Она совсем не помнила, что пожелала Юре свалиться с Эйфелевой башни. Теперь, когда это пожелание было близко к осуществлению, она всхлипывала. В отличие от Юры ни есть, ни пить она не могла — ей тоже предложили, и тоже полный кошер (может быть, не такое все вкусное — надо захватить Эйфелеву башню, чтобы потчевали обедами от Гольденбэрга). И вот Рая сидит, терзаясь неведением, как вдруг входят в комнату два серьезных озабоченных господина и торжественно кладут перед ней ее и Юрин паспорта, три сотенные, авиабилеты, белый конверт «Европа турс» — словом, как в анекдоте: «Здесь живет вдова Рабиновича?» Естественно, Рая решает: это все, что осталось от Юры. Любой бы так подумал — и умный, и дурак. Два господина (не иначе как персонажи упомянутого анекдота) спешат исправить свою оплошность. Нет же, она их неправильно поняла, положение Юрино, конечно, не из легких, но она еще не вдова, о!.. Юрин поступок они назвали геройским, молча ждали, пока Рая прочитает его послание на землю. Рая, плохо соображавшая, мысли разбегаются, читала еще дольше, чем Юра писал. Один господин, разумовский по-российску, восхитился литературными талантами Юры: так красиво написать… така богата мова… Второй по-русски мог сказать только «давай деньги, давай часы», он объяснил Рае еврейским языком, сколь неоценимую услугу оказал Юра «нам». О том, что под видом израильтян действует группа Жоржа Хабаша, они уже думали…

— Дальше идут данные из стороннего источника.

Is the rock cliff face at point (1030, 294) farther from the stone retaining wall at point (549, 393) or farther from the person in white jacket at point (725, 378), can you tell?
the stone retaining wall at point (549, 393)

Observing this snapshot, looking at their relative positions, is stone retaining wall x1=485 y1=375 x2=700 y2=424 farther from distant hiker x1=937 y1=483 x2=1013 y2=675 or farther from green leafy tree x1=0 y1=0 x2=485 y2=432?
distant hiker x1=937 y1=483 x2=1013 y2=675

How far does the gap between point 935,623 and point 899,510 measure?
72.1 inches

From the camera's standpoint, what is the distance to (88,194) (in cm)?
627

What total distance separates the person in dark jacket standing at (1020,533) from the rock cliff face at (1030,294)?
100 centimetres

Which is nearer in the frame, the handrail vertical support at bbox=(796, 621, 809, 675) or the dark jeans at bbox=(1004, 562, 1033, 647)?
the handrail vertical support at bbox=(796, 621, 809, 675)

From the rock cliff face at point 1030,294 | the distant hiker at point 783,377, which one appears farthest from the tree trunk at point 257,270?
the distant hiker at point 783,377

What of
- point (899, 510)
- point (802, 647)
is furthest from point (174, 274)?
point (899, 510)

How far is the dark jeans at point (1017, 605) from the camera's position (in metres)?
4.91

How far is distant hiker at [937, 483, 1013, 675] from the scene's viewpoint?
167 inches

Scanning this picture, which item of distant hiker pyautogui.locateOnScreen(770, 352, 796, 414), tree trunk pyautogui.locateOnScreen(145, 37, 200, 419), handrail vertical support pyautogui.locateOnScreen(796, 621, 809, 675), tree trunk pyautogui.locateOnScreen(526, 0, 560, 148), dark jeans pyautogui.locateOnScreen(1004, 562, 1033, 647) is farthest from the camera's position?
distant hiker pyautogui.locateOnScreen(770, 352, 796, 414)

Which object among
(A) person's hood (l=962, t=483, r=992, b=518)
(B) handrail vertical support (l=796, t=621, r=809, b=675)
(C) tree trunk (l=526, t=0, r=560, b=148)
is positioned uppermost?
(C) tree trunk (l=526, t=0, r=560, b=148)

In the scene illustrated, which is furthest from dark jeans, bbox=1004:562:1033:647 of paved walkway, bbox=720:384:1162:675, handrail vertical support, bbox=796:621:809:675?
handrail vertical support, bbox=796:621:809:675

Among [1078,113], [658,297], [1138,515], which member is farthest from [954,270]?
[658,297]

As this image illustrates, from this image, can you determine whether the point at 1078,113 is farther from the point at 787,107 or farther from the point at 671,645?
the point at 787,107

— Не думали, а знали, — уточняет польский еврей, встречая укоризненный взгляд румынского собрата.

— …но доказательств никаких не было.

— Теперь же есть, теперь можно оповестить об этом интернациональную прессу без ущерба для наших агентов.

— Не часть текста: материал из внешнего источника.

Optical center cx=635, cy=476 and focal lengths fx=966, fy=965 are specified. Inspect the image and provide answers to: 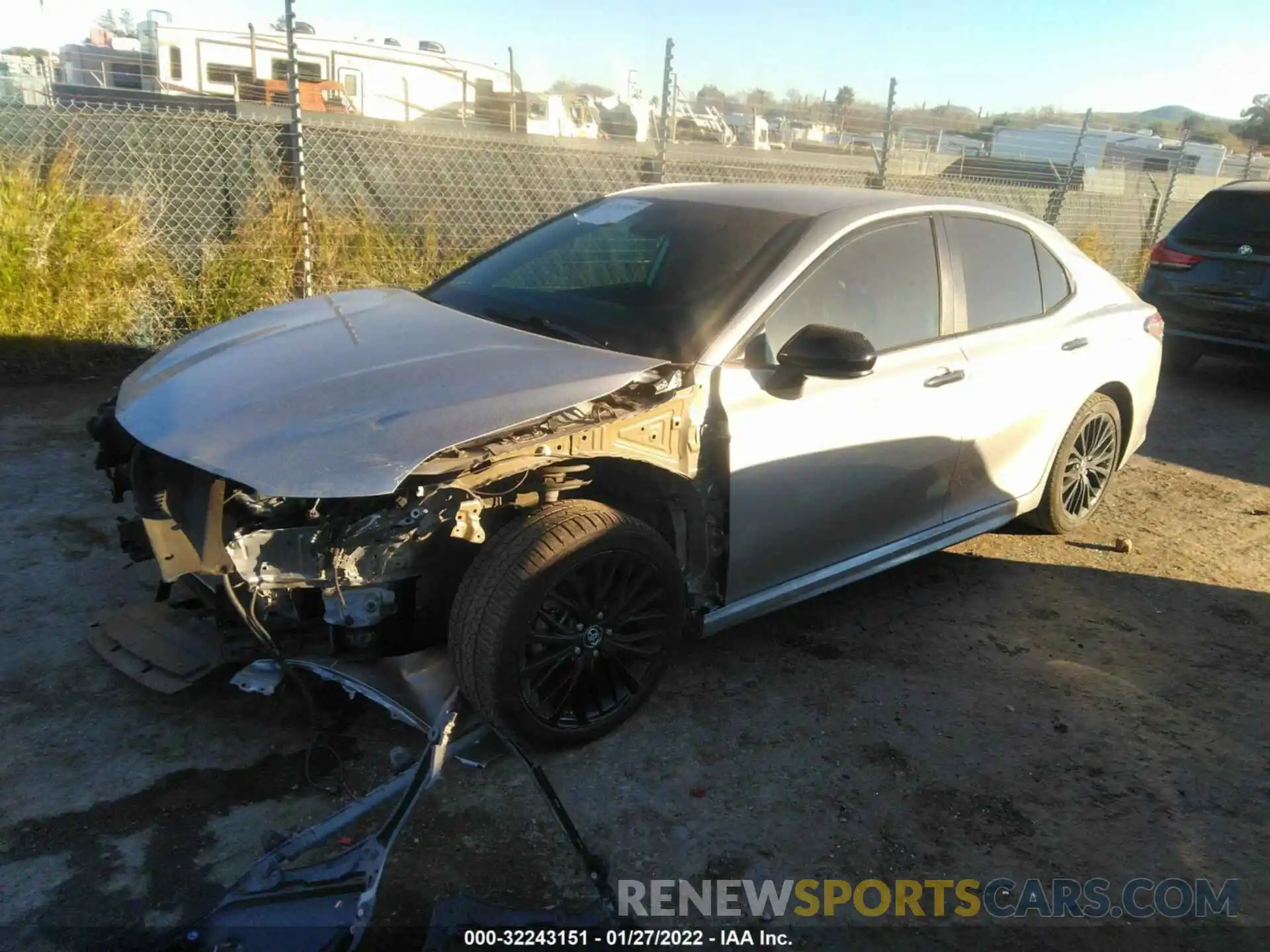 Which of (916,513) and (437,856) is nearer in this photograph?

— Моше, — сказал румынский еврей, — подумай, о чем ты говоришь.

— Ты думаешь, Цвийка, мужу этой дамы будет грозить большая опасность, чем теперь? Что они с ним немедленно расквитаются?

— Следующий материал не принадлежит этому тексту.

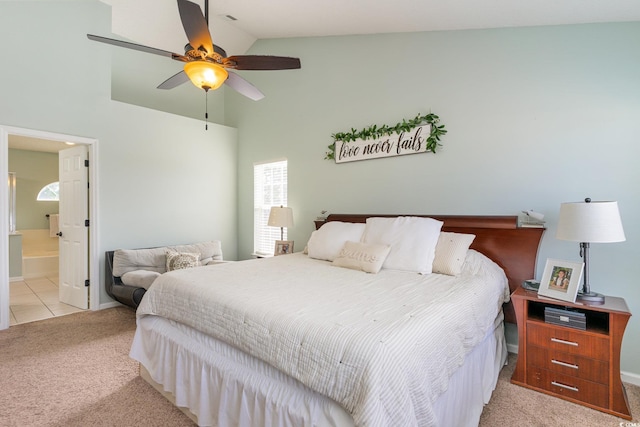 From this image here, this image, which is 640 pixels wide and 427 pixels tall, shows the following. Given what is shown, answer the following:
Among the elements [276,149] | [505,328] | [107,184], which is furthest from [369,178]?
[107,184]

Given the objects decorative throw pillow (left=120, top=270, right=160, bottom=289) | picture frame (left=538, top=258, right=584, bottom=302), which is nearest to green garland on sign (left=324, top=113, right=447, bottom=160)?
picture frame (left=538, top=258, right=584, bottom=302)

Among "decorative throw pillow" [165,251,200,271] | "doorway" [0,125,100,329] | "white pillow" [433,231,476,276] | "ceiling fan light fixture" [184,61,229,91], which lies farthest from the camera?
"decorative throw pillow" [165,251,200,271]

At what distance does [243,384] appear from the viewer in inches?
62.7

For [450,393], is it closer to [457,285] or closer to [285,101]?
[457,285]

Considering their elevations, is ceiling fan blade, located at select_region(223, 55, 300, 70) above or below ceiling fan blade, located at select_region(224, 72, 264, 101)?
above

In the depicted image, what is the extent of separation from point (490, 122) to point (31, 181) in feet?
27.1

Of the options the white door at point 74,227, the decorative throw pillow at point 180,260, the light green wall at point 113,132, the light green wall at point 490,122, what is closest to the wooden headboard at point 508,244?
the light green wall at point 490,122

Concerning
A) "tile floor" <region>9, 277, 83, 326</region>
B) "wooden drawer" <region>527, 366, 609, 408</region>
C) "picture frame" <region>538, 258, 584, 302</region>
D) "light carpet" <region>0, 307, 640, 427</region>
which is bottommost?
"tile floor" <region>9, 277, 83, 326</region>

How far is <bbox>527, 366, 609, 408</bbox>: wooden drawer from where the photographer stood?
2.01m

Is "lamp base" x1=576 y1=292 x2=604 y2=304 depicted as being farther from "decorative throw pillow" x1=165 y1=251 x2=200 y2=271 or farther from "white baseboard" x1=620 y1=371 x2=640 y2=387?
"decorative throw pillow" x1=165 y1=251 x2=200 y2=271

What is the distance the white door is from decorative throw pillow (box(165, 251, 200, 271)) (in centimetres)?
100

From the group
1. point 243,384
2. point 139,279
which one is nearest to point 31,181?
point 139,279

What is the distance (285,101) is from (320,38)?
0.94m

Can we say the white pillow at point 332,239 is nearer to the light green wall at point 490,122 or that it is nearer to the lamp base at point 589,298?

— По правде говоря, да, — сказал Цвийка.

— Ошибаешься. Поверьте мне, ханум, что он ошибается. Если хотите знать, для вашего супруга сейчас самая надежная защита — то, что он израильтянин…

— Моше, ты что, сдурел? Подумай, что ты говоришь?

— Не мешай. Они и дальше всеми силами будут изображать из себя израильтян, а значит, с израильтянином ничего не случится. Наоборот, смертельная опасность нависла сейчас над русскими.

— Возможно, Моше, ты и прав. Во всяком случае, геверти, мы сделаем все от нас зависящее для спасения вашего супруга. В этом можете быть совершенно уверены…

— Ведь теперь благодаря ему стало возможным предпринять решительные шаги…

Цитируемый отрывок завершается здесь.